With this later comment?

 _Let Zuck go on his little The Simple Life experiment and let 's worry about,
I don't know, net neutrality being destroyed or whatever._

Honestly how? There is a "billionaire" currently tearing apart net neutrality
because he doesn't know about (or care about) the internet other than as a way
to make money and to bully people.

------
deepnet
Hilariously along these lines is "When Seinfeld met Zuckerberg".

The world weary Jerry is counterpoint to Mark's fresh faced idealism.

The bit about staff prepping Jerry not to mention Marc's 'broken arm' had me
in stitches.

[https://www.youtube.com/watch?v=0mkR3BkuKCI](https://www.youtube.com/watch?v=0mkR3BkuKCI)

Seinfeld : "You and I showing up would ruin everything he likes about that
community."..."Your goal was to take the social experience and put it online;
my goal was to take the actual human social experience and get away from
that."

Zuckerberg : "Get away ?"

Seinfeld : "I would like to eliminate the entire social experience."

------
RichardHeart
One need not be a billionaire to have no idea at all what is going on in other
peoples lives.
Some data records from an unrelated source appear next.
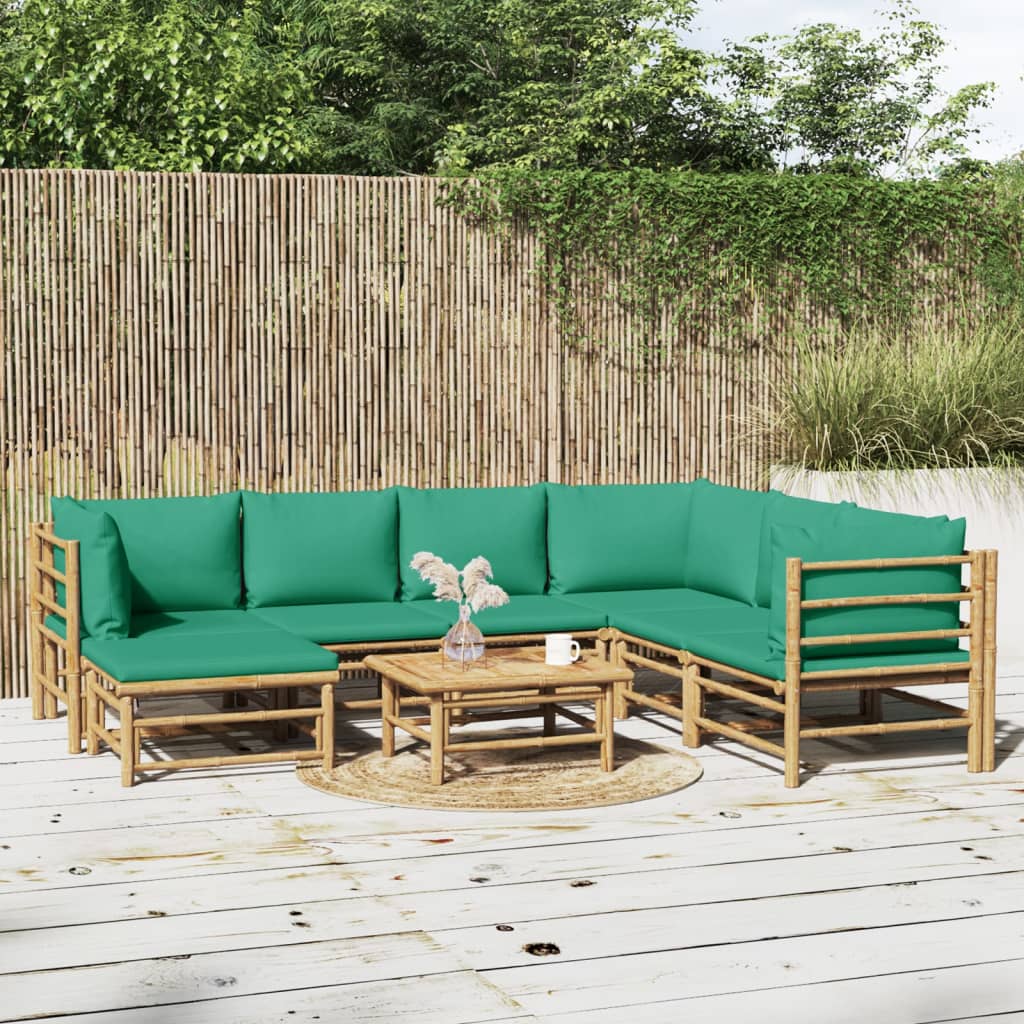 Vetonek Set de muebles de jardín 8 piezas bambú con cojines verde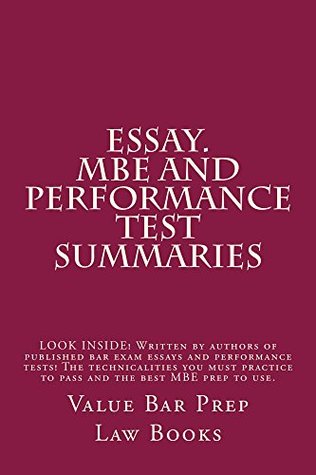 Full Download Essay. MBE and Performance Test Summaries (e borrow allowed): (e borrow allowed) - Value Bar Prep law books | PDF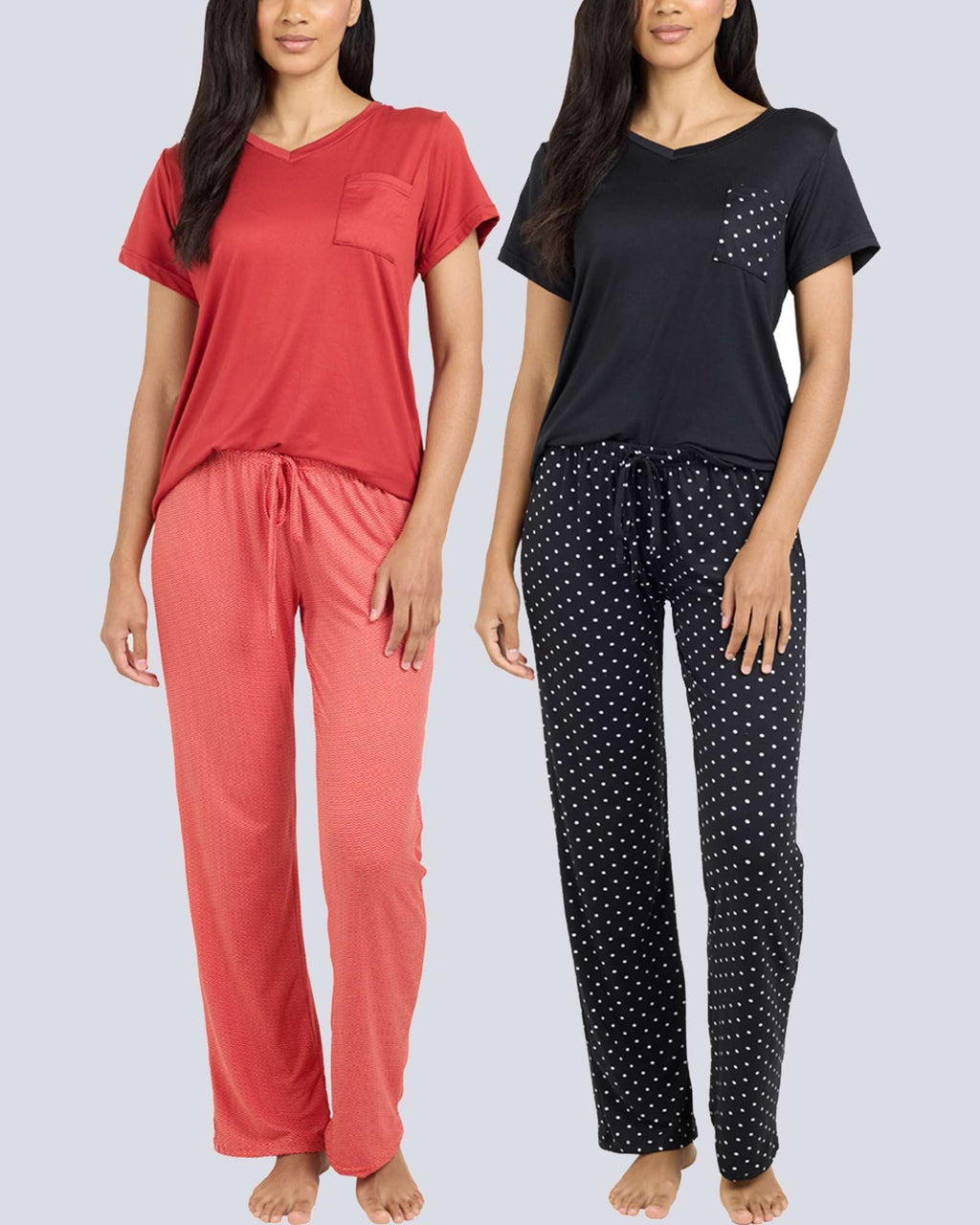 2 Pack: Women’s Pajama Set Super-Soft Short Sleeve V-Neck Top With Pants (Available in Plus Size)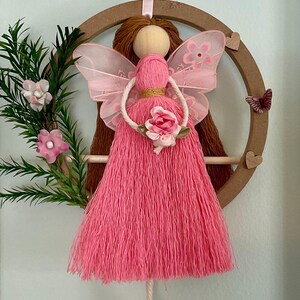 Sweet Pink Macrame Angel Hanging Ornament with Wooden Ring and Pink Butterfly Wings, 7”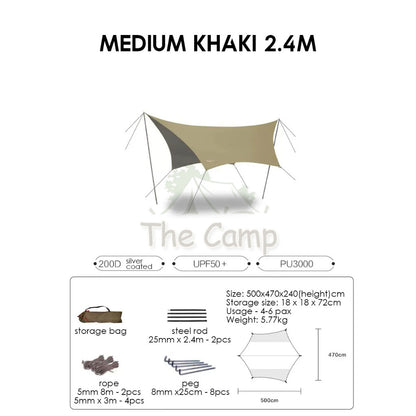 VIDALIDO Butterfly Tarp Flysheet Small Silver Coating Black Coated Camping Waterproof Shelter Tent Awning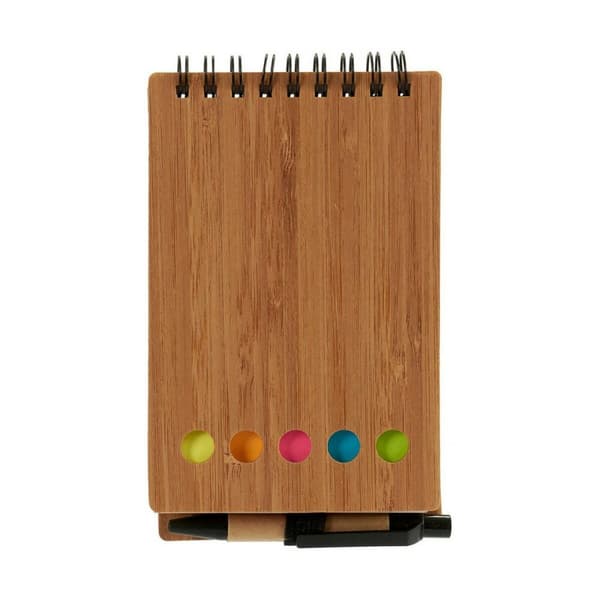 Ringbind Bog med Kuglepen Bambus 1 x 14,5 x 9 cm Brun (24 enheder)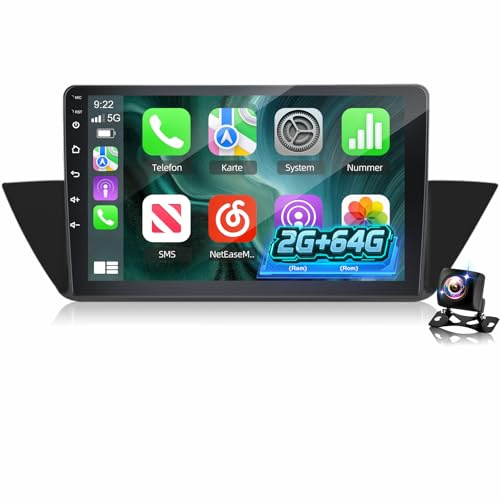 Autoradio Android 10,1 pollici per BMW X1 E84 2009–2015, Wireless CarPlay & Android Auto, GPS WiFi Touchscreen Display, DSP, Plug & Play Radio Upgrade + Telecamera Posteriore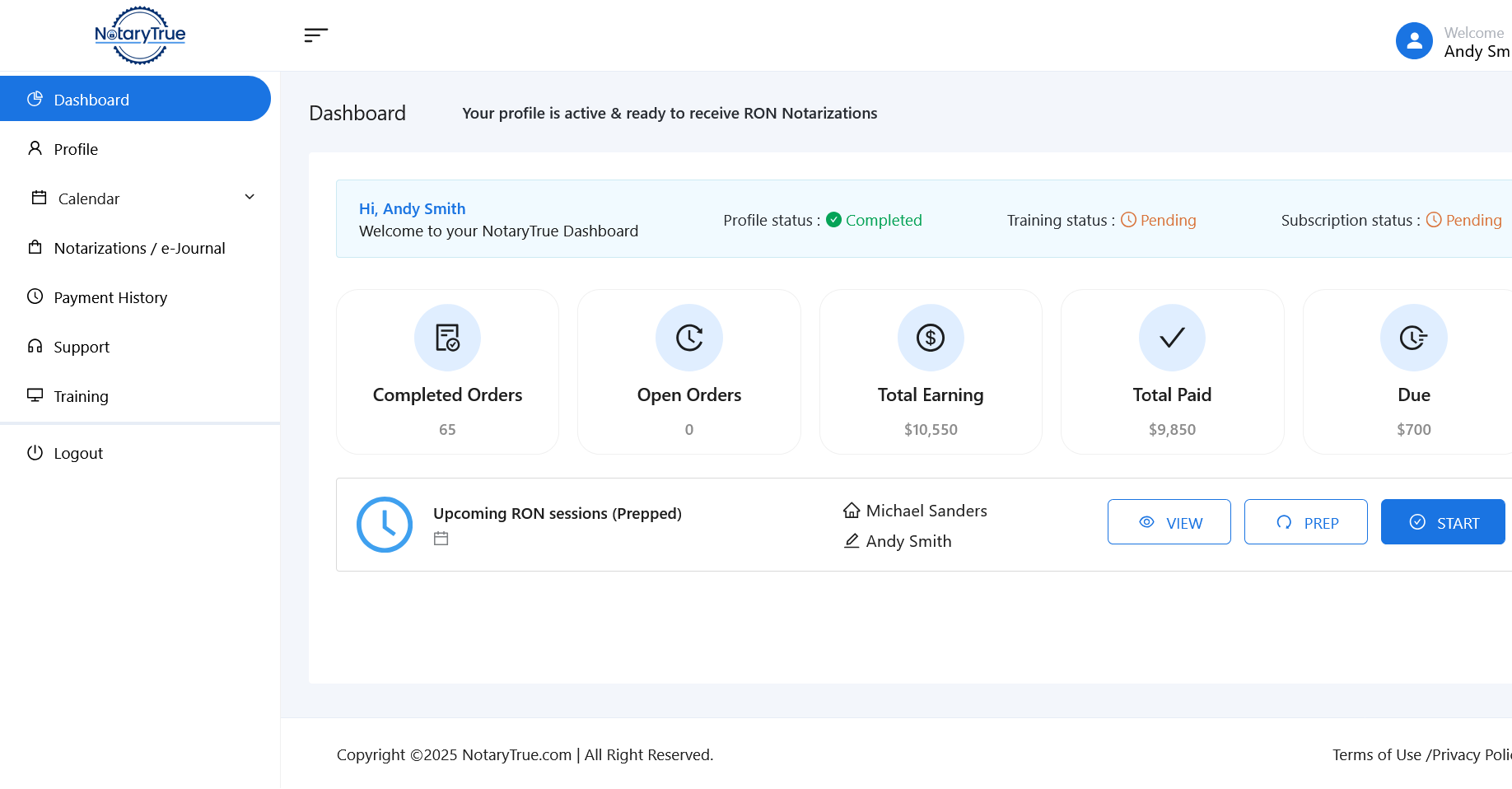 Notary Dashboard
To live in a bubble is more the rule than the exception.

Although I suggest everyone delete facebook, let's be fair to Zuckerberg. If
the people on facebook were better, facebook would be better. Much of the
problems of facebook come from the problems of the people on it. Sadly
facebook seems to amplify these problems by optimizing for time on site,
making hidden decisions about what you see and what you don't, etc.

A billionaire trying to make the world a better place is usually better than
those that could care less. I know that there's surely exceptions (perhaps
putin, koch brothers, etc.) It's not the status of billionaire that's
important per say, but the quality of their charitable endeavors.

"Connecting" the world is just a tactic, a means to an end, advocating for
better ends is superior. Sometimes people take the power you give them and do
worse. Technology on its own can be used for good and bad, you must advertise
hard for the good if you want the good.

In the end, I think if the world deleted facebook, it would be far better off
than any charitable deployment of funds the facebook founder could make.

------
danderino
Who actually thinks those statements reflect Zuckerberg's real views?

Its just PR talk.